Payday lenders to reform policies
March 15, 2007 - San Francisco, California
The reforms aimed at African-American and Latino borrowers seeks to educate customers about the use of payday loans, voluntarily limits advertising and offers a once-a-year break to borrowers who don't pay back loans quickly.
Critics say the $40 billion payday industry which crowds the streets of California's lower income neighborhoods is the greatest obstacle to creating and retaining wealth for many African-American and Latino families.
About 13 states have banned payday lending arguing the interest rates are exorbitant and often trap financially strapped borrowers into a cycle of paying additional "rollover" fees to renew the same principal.

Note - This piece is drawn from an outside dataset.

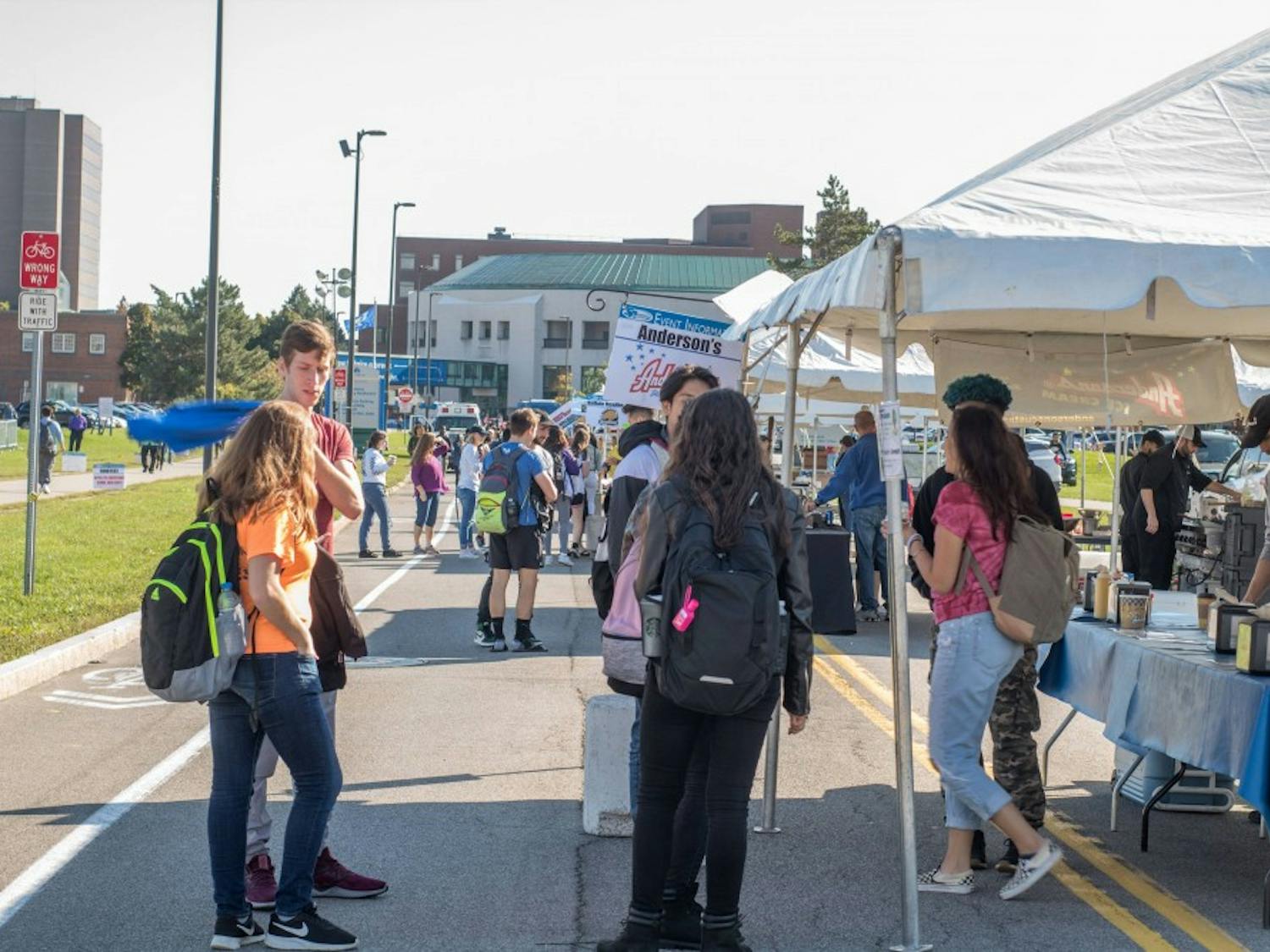 Students wait in line at the Anderson’s Frozen Custard tent Friday during SA’s first ever Fall Food Fest. Students enjoyed local food, a beer tent and a battle of the bands during the event.&nbsp;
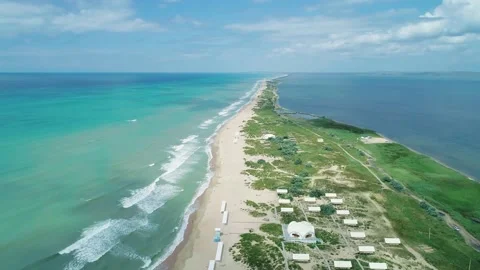 Aerial over the long sandy spit with a beach and azure water on a summer day Stock-Footage 219773447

Against this backdrop, the Community Financial Services Association of America (CFSA), a trade group that represents about 60% of the nation's payday lenders says it will band advertising loans for "frivolous" purposes such as gambling, entertainment or vacations and will warn borrowers that "payday advances should be used for short-term financial needs only, not long-term financial solutions."
The biggest change would give customers more time to pay back a loan with no financial penalty. This "extended payment plan" would be available at least once a year and provide borrowers between two and four extra months to pay off loans.
The industry has launched a $10 million media advertising campaign on BET, Telemundo and Univision targeting African-American and Latino audiences.
Consumer advocates call the move "a public relations gimmick aimed at heading off more regulation."
The industry is under intense pressure from state legislatures and Congress. "This is an attempt to stay ahead of the regulators. This does not solve the problem of triple digit interest rates for payday loans that traps borrowers into a vicious cycle of debt," said Jean Ann Fox of the Consumer Federation of America.
Millions of Americans take out small loans from so-called "payday" loan shops and then find themselves paying sky-high interest rates that can soar to 500 percent a year. But making loans for people who live paycheck to paycheck has become a multi-billion dollar enterprise with more than twice the number of stores as Starbucks.
Here's a borrowers profile: Credit constrained, and/or working but low income, young female head of household African-American, Latino, renter. African-American households are 2.5 times more likely to use payday loans than whites. Lenders are more prevalent in low income communities. Borrowers are typically 3 times more likely to be burdened with debt or been denied credit.
"Traditional mainstream banks have abandoned lower-income communities and communities of color while their role is being filled by predatory check cashers, payday lenders and finance companies that prey on consumers with few financial alternatives," said Alan Fisher, executive director of the California Reinvestment Coalition. "Millions of dollars are being taken out of the pockets of the working poor in predatory fees."
"Payday lenders make it easy for poor people to keep borrowing money," said Elizabeth Dixon, a Riverside CPA who specializes in building and managing wealth among African-American families.
"The lack of bank and savings & loans branches in neighborhoods of color has created a price gouging opportunity." Dixon recalls a client who borrowed $225 in cash. The man wrote a post dated check for $300, paying a fee of $45 for the transaction. "His check bounced when the payday lender cashed it. He was charged $28 dollars. For this one payday loan he ended up paying $118 in fees -- almost 50 percent of what he borrowed," said Dixon.
Payton Brown started borrowing money from a payday lender when he was in college at Cal State San Bernardino, and said he quickly became addicted.
"I started going there literally every week," said Brown, now a 29-year-old retail manager. "Eventually my world crashed. I borrowed from one lender to pay off another. When I graduated I was completely broke. You don't have to be poor and ignorant to get caught up in the payday loan spiral," said Brown.
Darrin Anderson, president of CFSA, who also serves as president of QC Holdings, Inc. a Kansas payday lender, defended the groups reforms saying the changes are meant to help the 5% to 10% of borrowers who don't pay off their loans.
"My hope is these reforms really do solve a problem for the small percentage of our customers who have trouble meeting their obligations to us."